COMMITTEE ON SMALL BUSINESS
U.S. HOUSE OF REPRESENTATIVES



HEARING ENTITLED

"SMALL BUSINESS COMPETITION POLICY: ARE MARKETS OPEN FOR
ENTREPRENEURS"



PRESENTED ON


SEPTEMBER 25, 2008


STATEMENT OF
THOMAS O. BARNETT
ASSISTANT ATTORNEY GENERAL
ANTITRUST DIVISION
U. S. DEPARTMENT OF JUSTICE
BEFORE THE
SMALL BUSINESS COMMITTEE
U. S. HOUSE OF REPRESENTATIVES
SEPTEMBER 25, 2008

Chairwoman Velázquez, Ranking Member Chabot, and Members of the Committee, thank you for the opportunity to discuss how the Antitrust Division works to maintain a competitive marketplace in the American economy, to encourage our nation's firms to work more efficiently, foster innovation, and promote consumer welfare.

Competitive markets provide the environment necessary for entrepreneurship and innovation. They cultivate the initiative and intelligence that characterize our economy's strong base of small business. Justice Thurgood Marshall said it most eloquently in an oft-cited Supreme Court case: "Antitrust laws in general, and the Sherman Act in particular, are the Magna Carta of free enterprise. They are as important to the preservation of economic freedom and our free enterprise system as the Bill of Rights is to the protection of our fundamental personal freedoms. And the freedom guaranteed each and every business, no matter how small, is the freedom to compete—to assert with vigor, imagination, devotion, and ingenuity whatever economic muscle it can muster." United States v. Topco Assocs., Inc., 405 U.S. 596, 610 (1972).

Antitrust enforcement promotes and protects a robust free-market economy by helping ensure that anticompetitive agreements, conduct, and mergers do not distort market outcomes. It has helped American consumers obtain more innovative, high-quality goods and services at lower prices, it has strengthened the competitiveness of American businesses in the global marketplace, and it has made this country the world's center for innovation. For this country to continue its position in the vanguard of new technology, new business methods, and new ways of serving consumers, small businesses must be able to profit from their ingenuity and resourcefulness. Thus, the antitrust laws are central to maintaining the best commercial environment for a strong small business sector.
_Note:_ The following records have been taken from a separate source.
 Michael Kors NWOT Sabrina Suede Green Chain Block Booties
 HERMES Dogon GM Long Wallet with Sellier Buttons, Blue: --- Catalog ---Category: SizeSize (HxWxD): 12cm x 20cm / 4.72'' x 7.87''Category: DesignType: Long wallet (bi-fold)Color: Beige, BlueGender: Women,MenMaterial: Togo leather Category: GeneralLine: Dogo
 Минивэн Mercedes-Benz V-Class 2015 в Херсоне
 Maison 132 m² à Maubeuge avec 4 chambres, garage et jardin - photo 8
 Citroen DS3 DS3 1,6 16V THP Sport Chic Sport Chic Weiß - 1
One of the central benefits of competition is its positive effect on innovation. In today's technology-driven world, innovation is the mainspring of the strength and vibrancy of our nation's economy. Innovation allows new firms to enter into markets dominated by incumbents, and is critical for incumbent firms who want to continue their previous market successes and stimulate consumer demand for new products. Thus, competition drives innovation. Without competition, there would be little pressure to introduce new products or new production methods.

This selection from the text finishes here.